Let $B_R(x_o)$ be a closed ball with center at $x_o$ and radius $R$ on a Banach Space $X$ with $F: X \to X$ being a contraction mapping with Lipschitz constant $L<1$ on the closed ball in question.
(i) Show that if $\|x_1 - x_o\| < (1-L)R $ then $F$ has a unique fixed point in the closed ball $B_R(x_o)$
(ii) Show the iterative sequence starting at $x_o$ converges to this fixed point of $F$ on $B_R(x_o)$
This is an interesting variation on the "normal" contraction mapping / fixed point theorem, and while I understand the proof of that one, this one has me sitting staring at a blank page for a long time...
Define $x_n:=F(x_{n-1})$ for $n\geq1$. I claim that $\|x_1-x_0\|<(1-L)R$ guarantees that $x_n\in B:=B_R(x_0)$ for all $n\geq0$.
Proof.

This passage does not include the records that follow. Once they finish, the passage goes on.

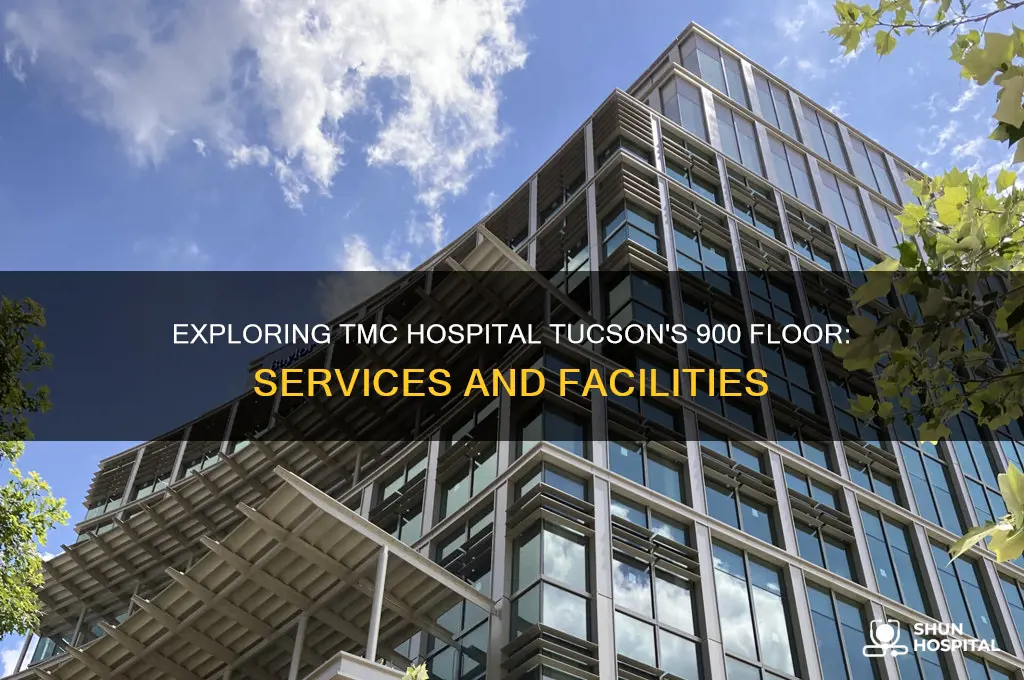 what is the 900 floor of tmc hospital tucson arizona
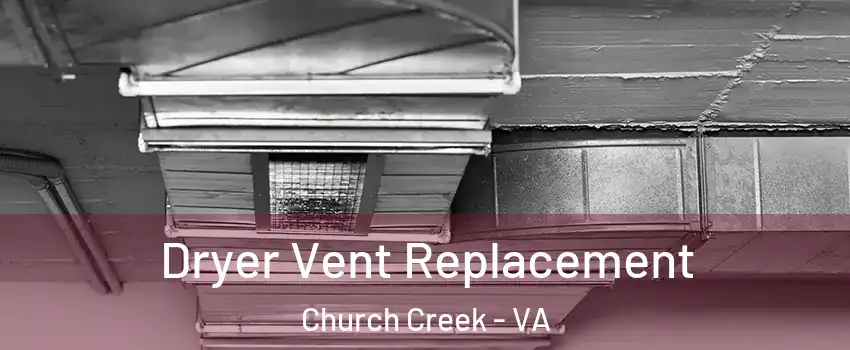 Dryer Vent Replacement Church Creek - VA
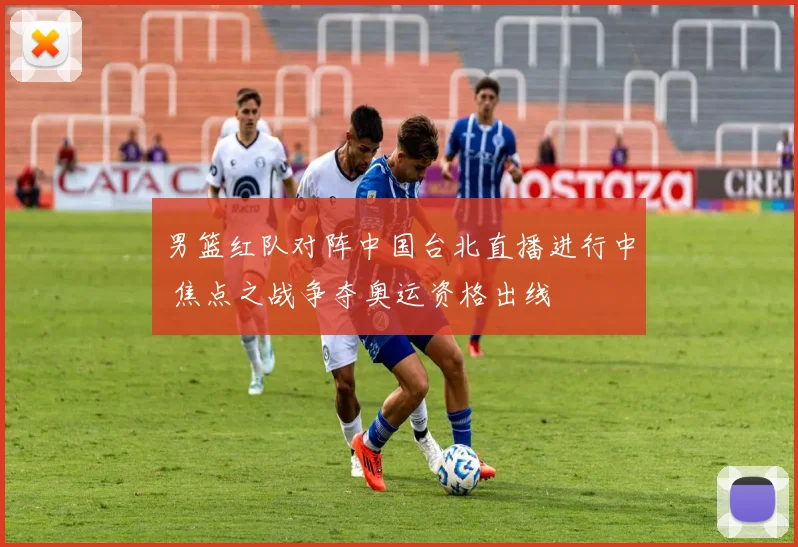 男篮红队对阵中国台北直播进行中 焦点之战争夺奥运资格出线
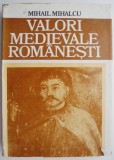 Valori medievale romanesti &ndash; Mihail Mihalcu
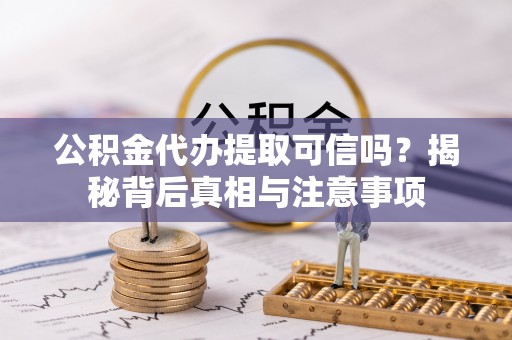 白银公积金代办提取可信吗？揭秘背后真相与注意事项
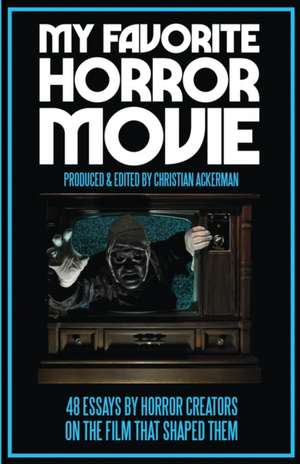 My Favorite Horror Movie de Christian Ackerman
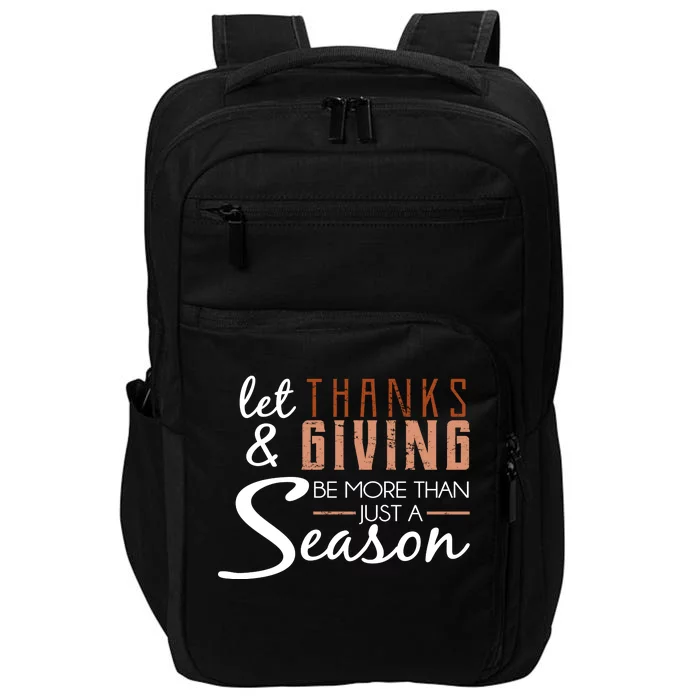 Let Thanks & Giving Be More Than Just Season Impact Tech Backpack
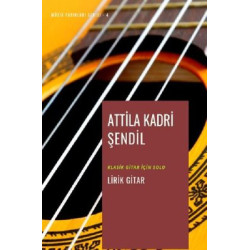 Lirik Gitar-Müzik Yayınları Serisi 4 Attila Kadri Şendil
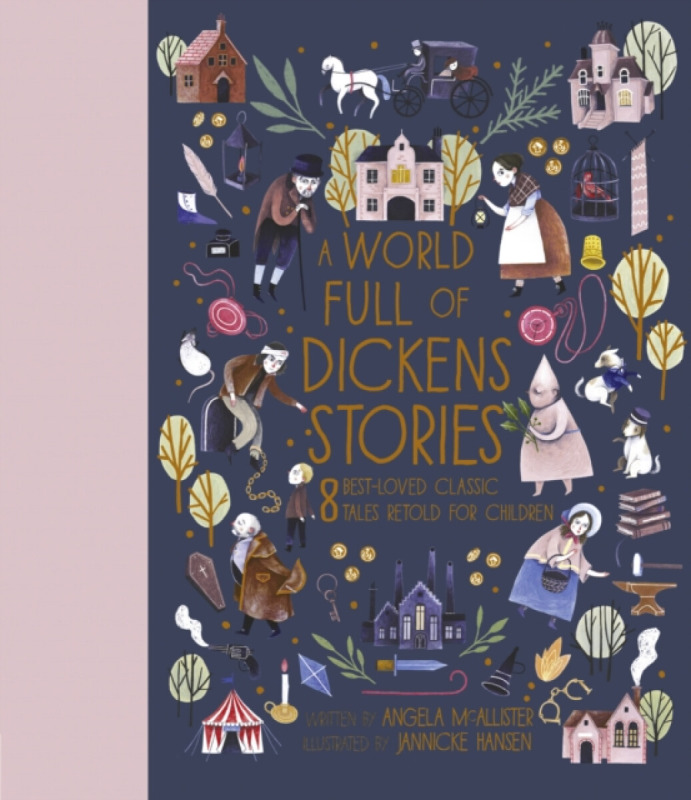 A World Full of Dickens Stories (8 best-loved classic tales retold for children) - kniha z kategorie Beletrie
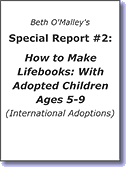 Special Report #2: How to Make Lifebooks: With Adopted Children Ages 5-9 (International Adoptions)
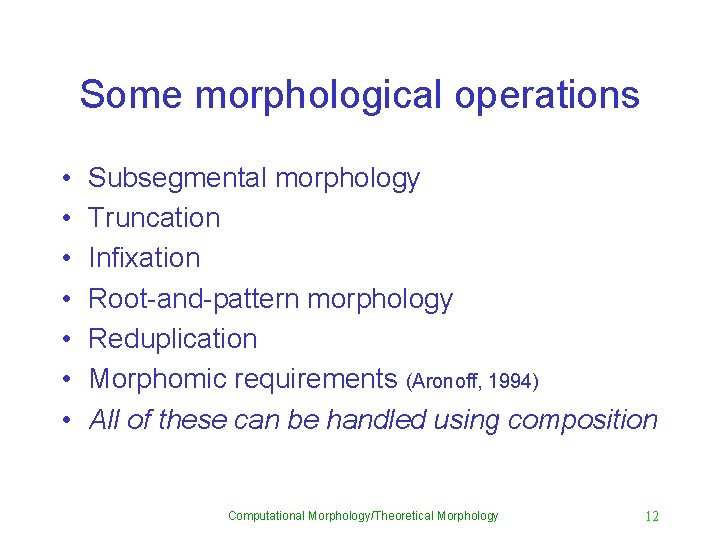 Some morphological operations • • Subsegmental morphology Truncation Infixation Root-and-pattern morphology Reduplication Morphomic requirements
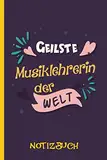 Geilste Musiklehrerin der Welt: A5 Notizbuch als Geschenk für eine Musiklehrerin - A5 /punktiert - Musiklehrerin | Musiklehrerin Geschenke zum ... Weihnachten| Geburtstagsgeschenk Kollegin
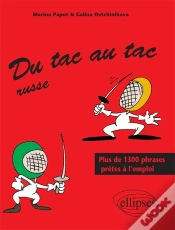 Capa do artigo Du Tac Au Tac - Russe - Plus De 1300 Phrases Prêtes À L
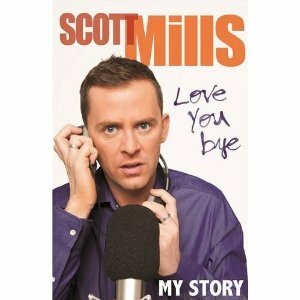 Love You Bye: My Story by Scott Mills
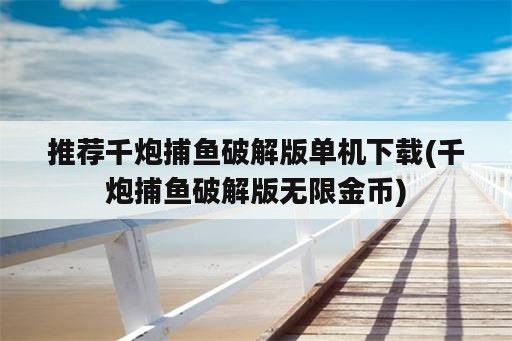 推荐千炮捕鱼破解版单机下载(千炮捕鱼破解版无限金币)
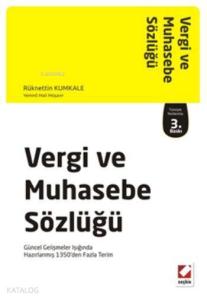 Vergi ve Muhasebe Sözlüğü; Güncel Gelişmeler Işığında Hazırlanmış 1350den Fazla Terim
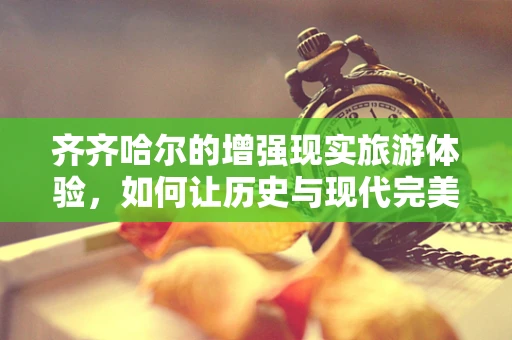 齐齐哈尔的增强现实旅游体验，如何让历史与现代完美融合？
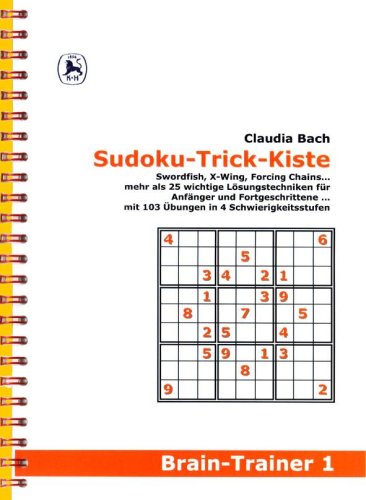 Sudoku-Trick-Kiste. Swordfish, X-Wing, Forcing Chains ... mehr als 25 wichtige Lösungstechniken für Anfänger und Fortgeschrittene ... mit 103 Übungen in 4 Schwierigkeitsstufen Books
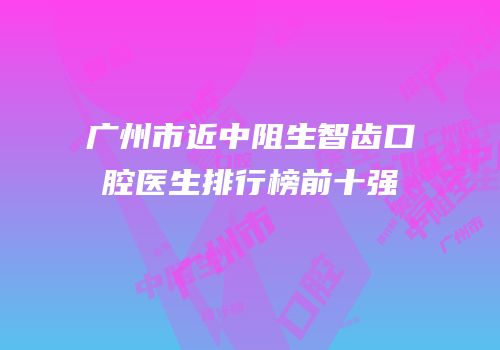 广州市近中阻生智齿口腔医生排行榜前十强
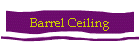 Barrel Ceiling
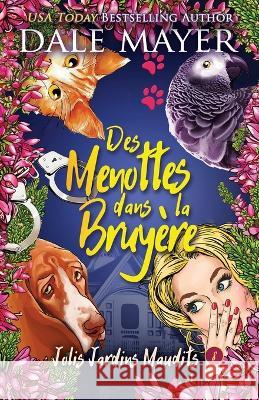 Des menottes dans la bruyère Mayer, Dale 9781773366388 Valley Publishing Ltd. - książka
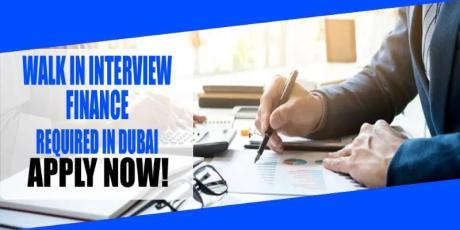 WALK IN INTERVIEW FINANCE REQUIRED IN DUBAI
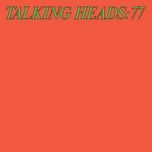 uh-oh, love come to town (live at cbgb, new york, ny, 10/10/1977) [2024 remaster] - talking heads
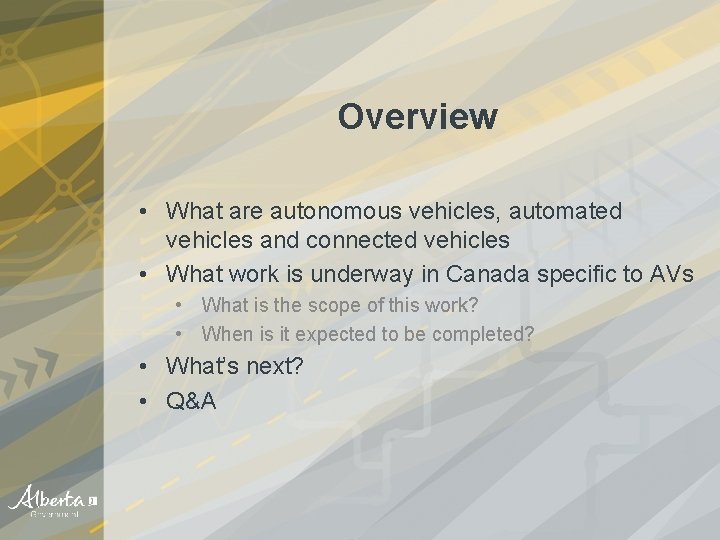 Overview • What are autonomous vehicles, automated vehicles and connected vehicles • What work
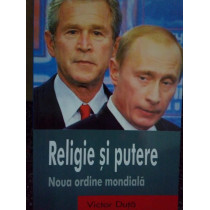 Religie si putere. Noua ordine mondiala
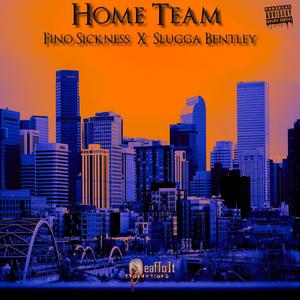 Home Team (feat. Slugga Bentley) (Explicit)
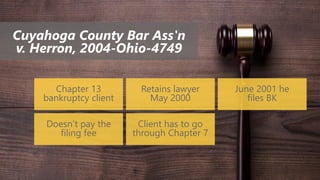 Cuyahoga County Bar Ass'n
v. Herron, 2004-Ohio-4749
Chapter 13
bankruptcy client
Retains lawyer
May 2000
June 2001 he
files BK
Doesn’t pay the
filing fee
Client has to go
through Chapter 7
 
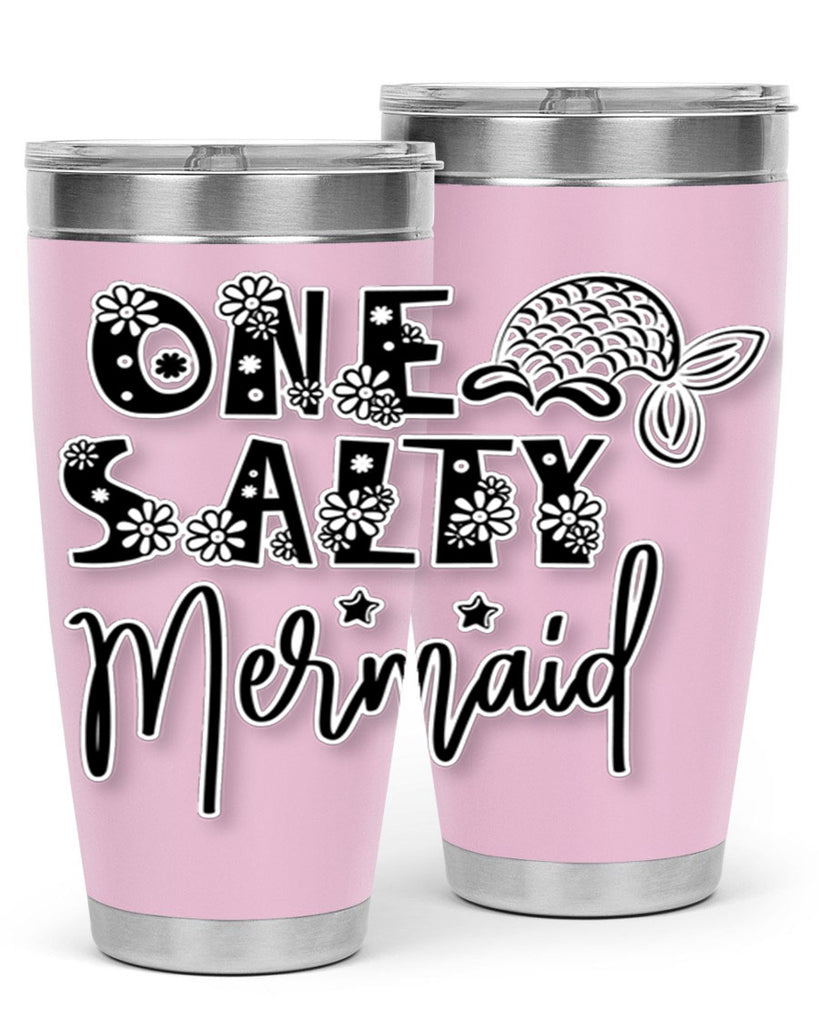 One Salty Mermaid 527#- mermaid- Tumbler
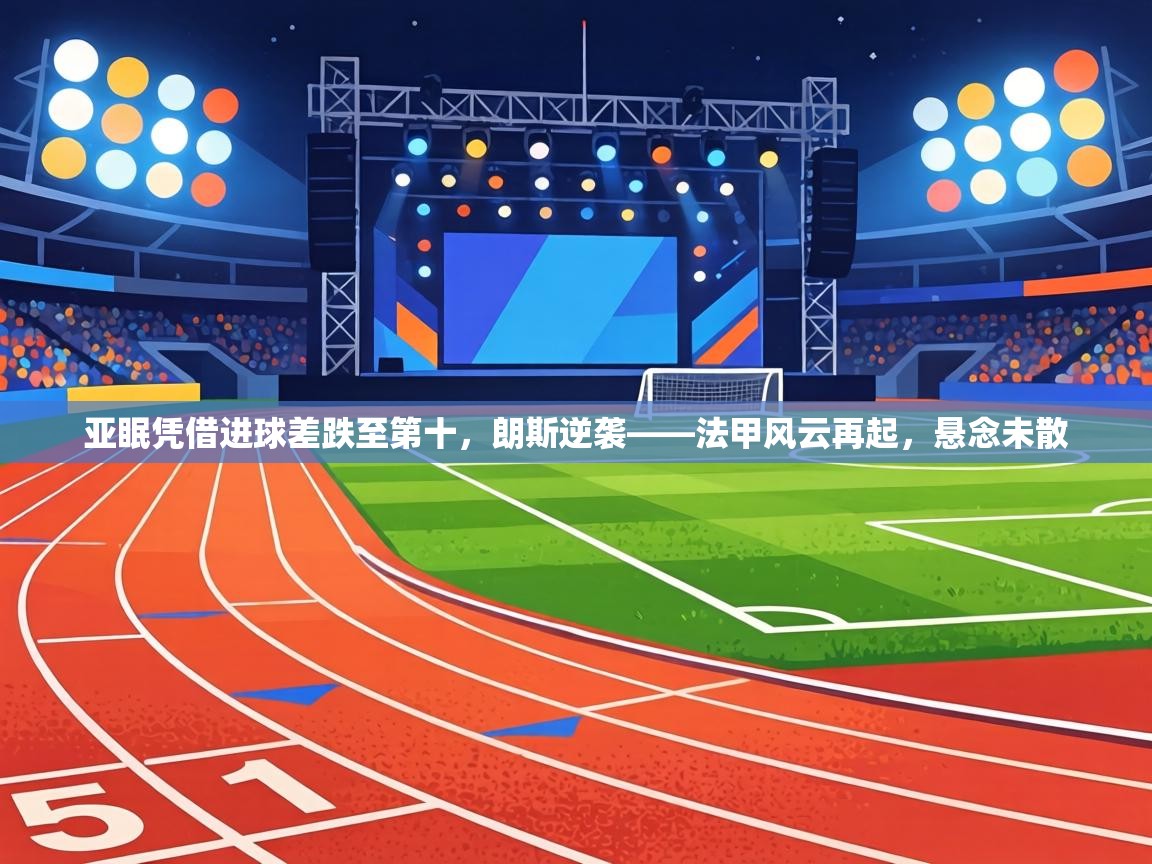亚眠凭借进球差跌至第十，朗斯逆袭——法甲风云再起，悬念未散  第2张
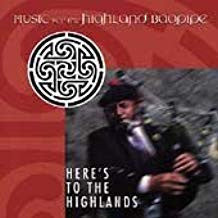 Various : Music For The Highland Bagpipe: Here's To The Highlands (CD, Comp)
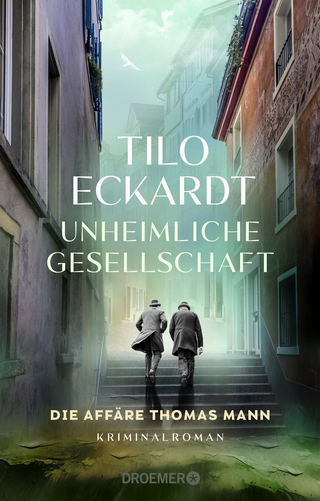 Buchcover von Unheimliche Gesellschaft: Die Affäre Thomas Mann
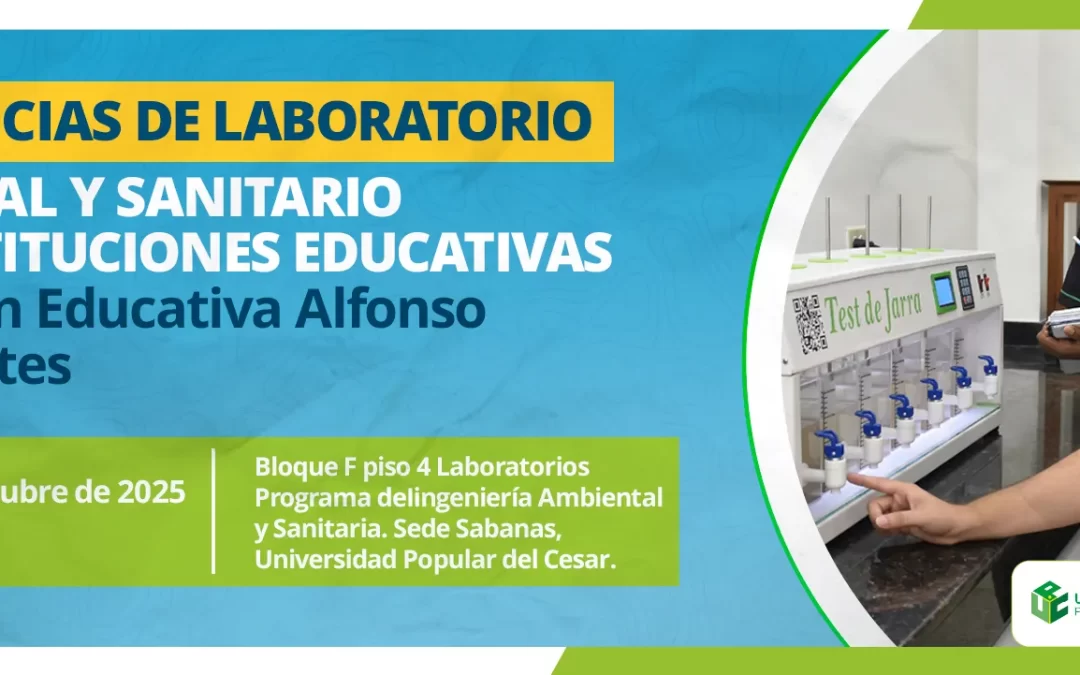 EXPERIENCIAS DE LABORATORIO AMBIENTAL Y SANITARIO CON INSTITUCIONES EDUCATIVAS “INSTITUCIÓN EDUCATIVA ALFONSO ARAUJO COTES”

Assume that $\{x_0,x_1,\ldots,x_{n-1}\}\subset B$ for some $n\geq2$. Then $$\|x_k-x_{k-1}\|\leq L\|x_{k-1}-x_{k-2}\|\leq\ldots\leq L^{k-1}\|x_1-x_0\|$$ is true for $1\leq k\leq n$. It follows that $$\|x_n-x_0\|\leq\sum_{k=1}^n\|x_k-x_{k-1}\|\leq\sum_{k=1}^n L^{k-1}\ \|x_1-x_0\|<{1\over 1-L}(1-L)R=R\ ,$$ hence $x_n\in B$ as well.
Since all $x_n\in B$ we now can show (I leave that to you) that $(x_n)_{n\geq0}$ is in fact a Cauchy sequence, hence convergent in $X$ to a point $x_*$, which necessarily lies in $B$ since $B$ is closed.